1. Participates in strategic planning processes to establish to aligned with the institution's vision and strategic plans.
2. Coordinates input of business opportunities with the Section Chief, Laboratory Operations and Manager, Clinical Trials for the start-up, implementation, and closeout of clinical trials.
3. Contributes to protocol development and feasibility assessments including the writing of study protocols, amendments, and administrative changes as applicable.
4. Ensures clinical and research studies meet sponsor timelines.
5. Plans and participates in investigator meetings in collaboration with team members.

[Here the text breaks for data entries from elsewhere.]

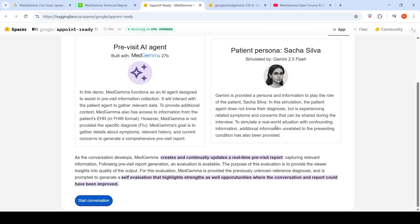The pre-visit agent is built with MedGemma 27B, has access to FHIR information in the EHR, and is not provided the specific diagnosis of flu. Its goal is to gather details about symptoms, relevant history, and current conditions to generate a comprehensive pre-visit report. Gemini 2.5 Flash plays the patient role — the patient agent doesn't know their diagnosis but experiences related symptoms. As the conversation develops, MedGemma continuously updates a real-time pre-visit report.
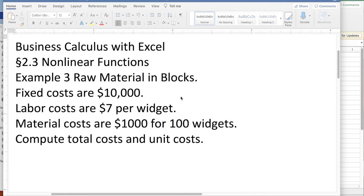Today we're looking at example 3, Raw Materials and Blocks, out of section 2.3, Nonlinear Functions.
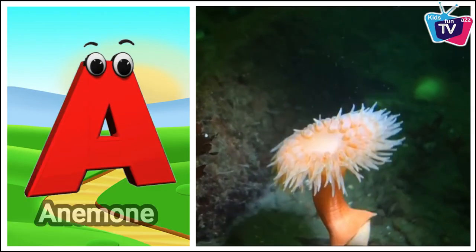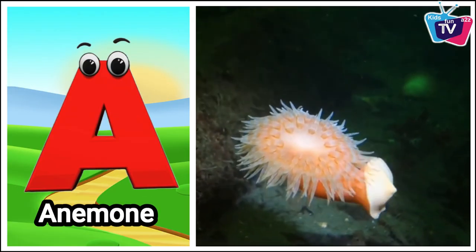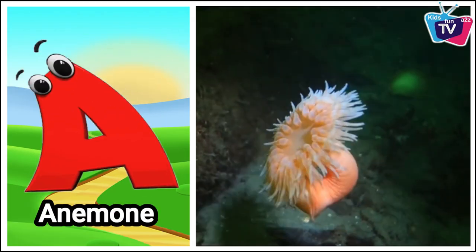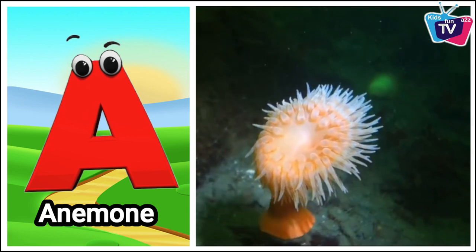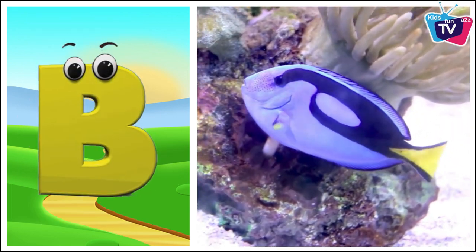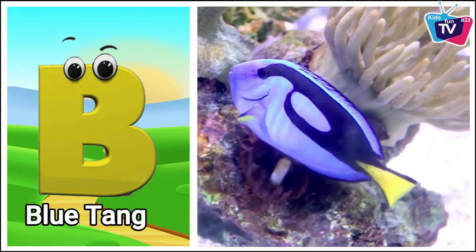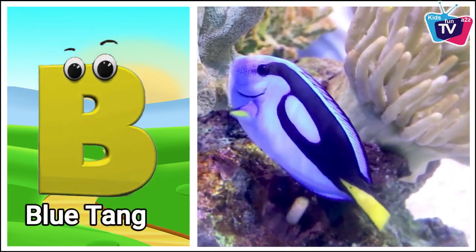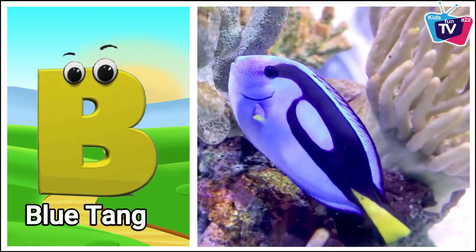A is for anemone. A, anemone. B is for blue tang. Bu, blue tang.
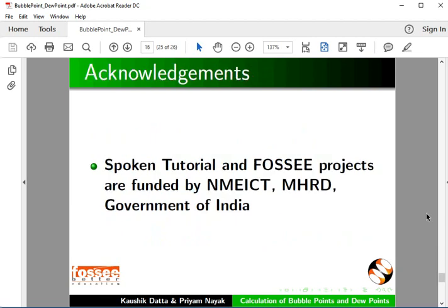Spoken Tutorials and FOSSEE projects are funded by NMEICT, MHRD, Government of India.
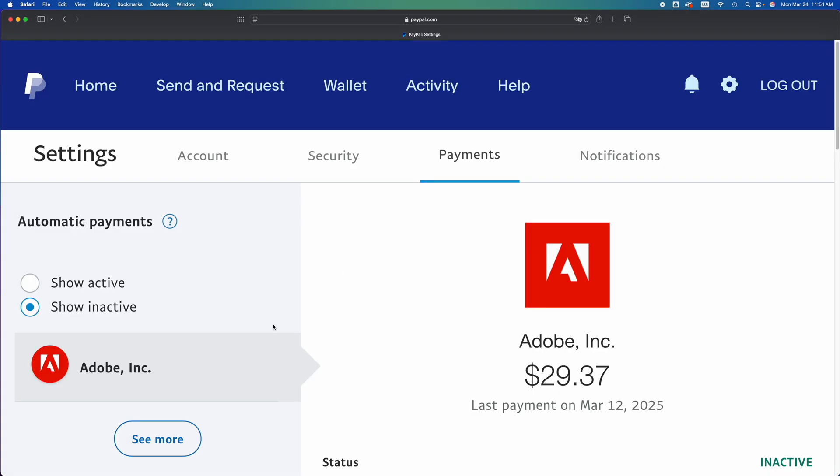In this case, it moved it into inactive, so you might see this show inactive. Right now it says Adobe, it says inactive. So instead of active, it says inactive, and there you go.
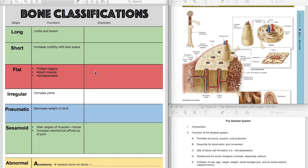So great examples would be all the bones of your cranium, your skull, and your ribs, your sternum. Those are all going to be flat bones.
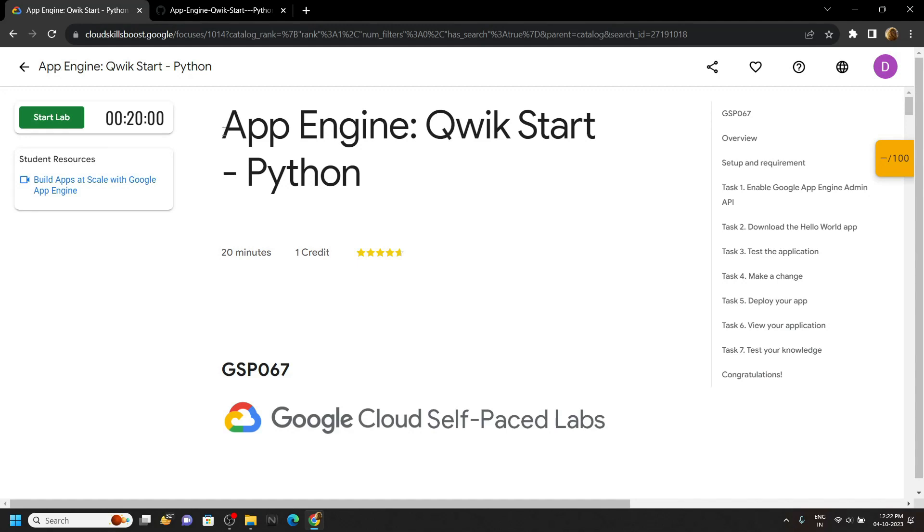Hello everyone and welcome to your channel techvine. In this video I will provide you the solution for this lab. Start the lab.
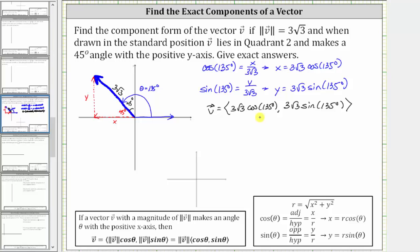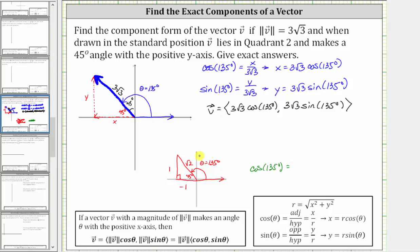The next step is to find the exact trig function values. The reference angle is 45 degrees, so let's sketch a 45-45-90 reference triangle in the second quadrant, labeling the two legs one and the hypotenuse square root two. Because we are in the second quadrant where x is negative, one leg is negative. Cosine 135 degrees equals negative one divided by square root two, which rationalizes to negative square root two divided by two. Sine 135 degrees equals one divided by square root two, which rationalizes to positive square root two divided by two.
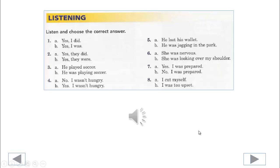Listening. Listen and choose the correct answer. 1. Did you do well at your job interview yesterday? 2. Were your children tired last night? 3. What was he doing when he broke his leg? 4. Did you finish your dinner last night?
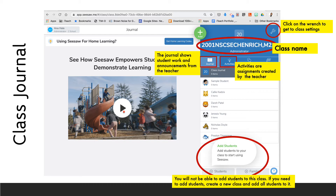When you open up your Seesaw page, this is what you are going to see. Your class journal is there in that gray area. You will see student work, posts, and any announcements you put there. You will see in the blue box the name of the class, and we can't change that. In the upper right hand corner, you will see the wrench, which is how you get to class settings. The journal and the activities are going to be the main things that you use.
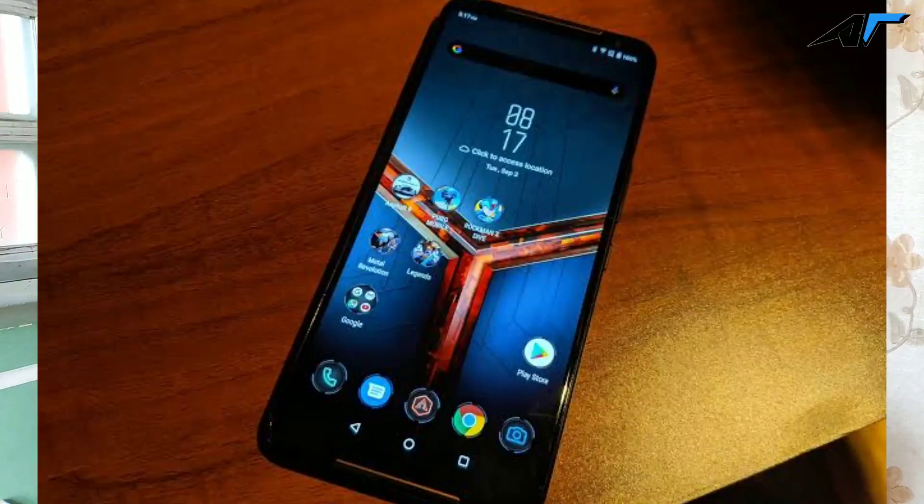Hi friends, welcome to our channel. Friends, if you have a OnePlus 7 Pro, then the Asus ROG 2 smartphone will be launched.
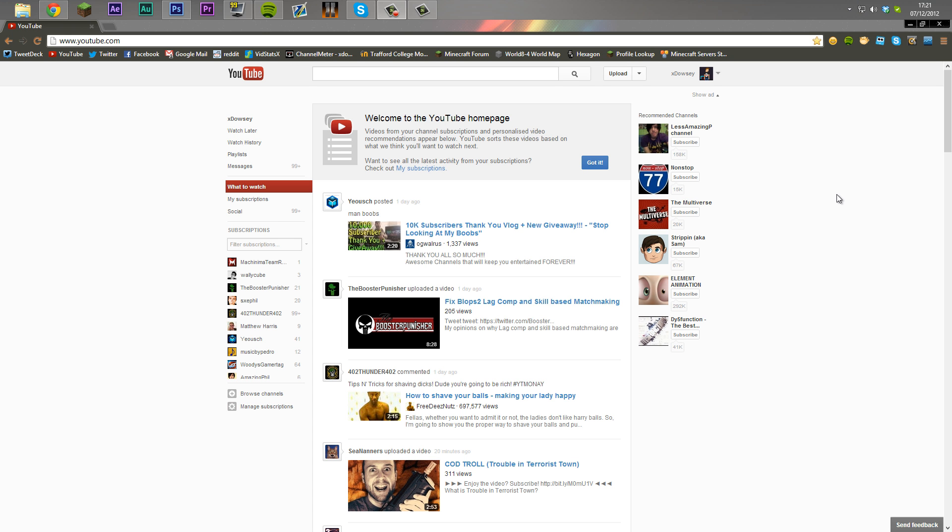Hey guys, Darcy here and here's a quick tutorial on how to always see your subscriptions on the new YouTube layout. So this is it.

6. Acts as a resource for TRI leadership, investigators, and other staff through the provision and promotion of appropriate training in the conduct of trials.
7. Reviews and comments on sponsor contracts and protocols as applicable.

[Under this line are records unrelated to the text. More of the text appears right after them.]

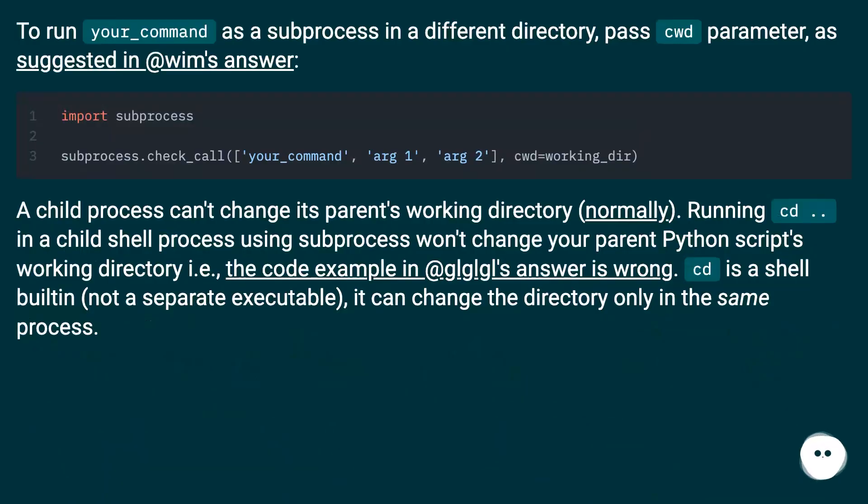To run your_command as a subprocess in a different directory, pass cwd parameter as suggested in @wim's answer.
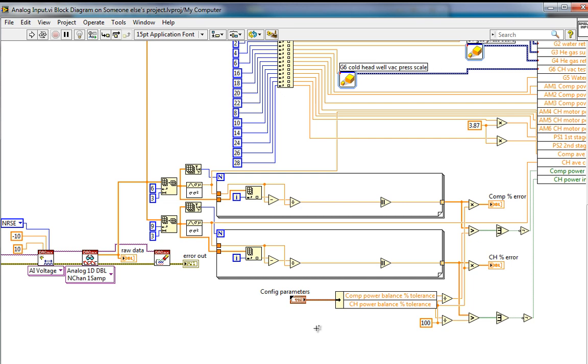In LabVIEW 2012, you have the ability now to decide where you want to clean up broken wires on the block diagram. In previous versions of LabVIEW, if you hit Control-B, you would clean up all broken wires on the block diagram.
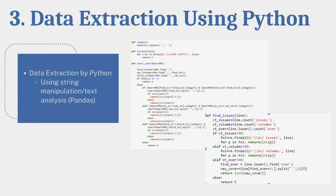Next, we moved to data extraction using Python. One of our team members, Kahan, was able to put together a Python code that helped us more quickly parse through and extract data from the raw Twitter material in Social Feed Manager. And this, if you look to the right side, can be seen. We used this to capture Chinese characters, as well as the start and end year of periodicals, as well as the number of issues of periodicals published for each source.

8. Publishes scholarly works including manuscripts, abstracts, and/or scientific posters.
9. Develops and maintain mutually positive and beneficial relationships with study sponsors and clinical research organizations.
10. Generates new business opportunities and proposals.
Headquartered in Albuquerque, New Mexico, TriCore Research Institute or TRI (https://www.tricore.org/tricore-research-institute/) is a division of TriCore Reference Laboratories, a full-service reference laboratory as well as clinical laboratories in hospitals and cancer centers across the state. TRI is a critical component of TriCore's strategy and provides the scientific, technical, and administrative support required to steer research and clinical trials to successful completion.
Requirements:
MINIMUM EDUCATION:
* PhD and/or MD, or equivalent degree.
MINIMUM EXPERIENCE:
* Five years of experience in laboratory operations and/or In-Vitro Diagnostics, including clinical trials
experience.
OTHER REQUIREMENTS:
* Formal training in pathology and/or laboratory medicine, or an applicable clinical medical specialty. Board eligibility or certification, and sub sub-specialty certification if applicable.
PREFERENCES:
* Experience in contract research, pharmaceutical, in-vitro diagnostic device, or biotechnology industry.
* Post-residency/fellowship-training or post-doctoral experience is highly desirable. Post-graduate experience in pathology and/or laboratory medicine, or an applicable clinical medical specialty.